What is being asked: Repeat the data below in full. Pictures must not be part of the copy.

Data block:
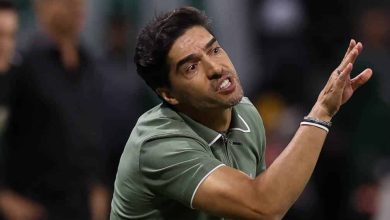 Abel ‘paz e amor’ abraça torcida e jogadores do Palmeiras e repete estratégia de 2023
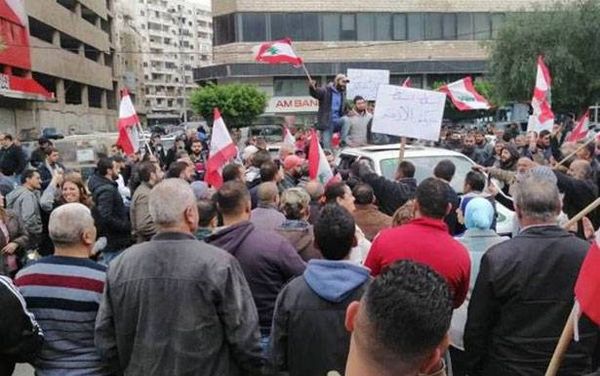 الـمقاربات الـحـكـوميّة ينسفها الـحراك الشعبي بسيناريوهــات تصعيديّة
رسائل خارجيّة للمسؤولين : أيّ حكومة لا تتماهى مع تطلعات اللبنانيين يعني الانهيار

Solved exercise:
 Abel ‘paz e amor’ abraça torcida e jogadores do Palmeiras e repete estratégia de 2023
 الـمقاربات الـحـكـوميّة ينسفها الـحراك الشعبي بسيناريوهــات تصعيديّة
رسائل خارجيّة للمسؤولين : أيّ حكومة لا تتماهى مع تطلعات اللبنانيين يعني الانهيار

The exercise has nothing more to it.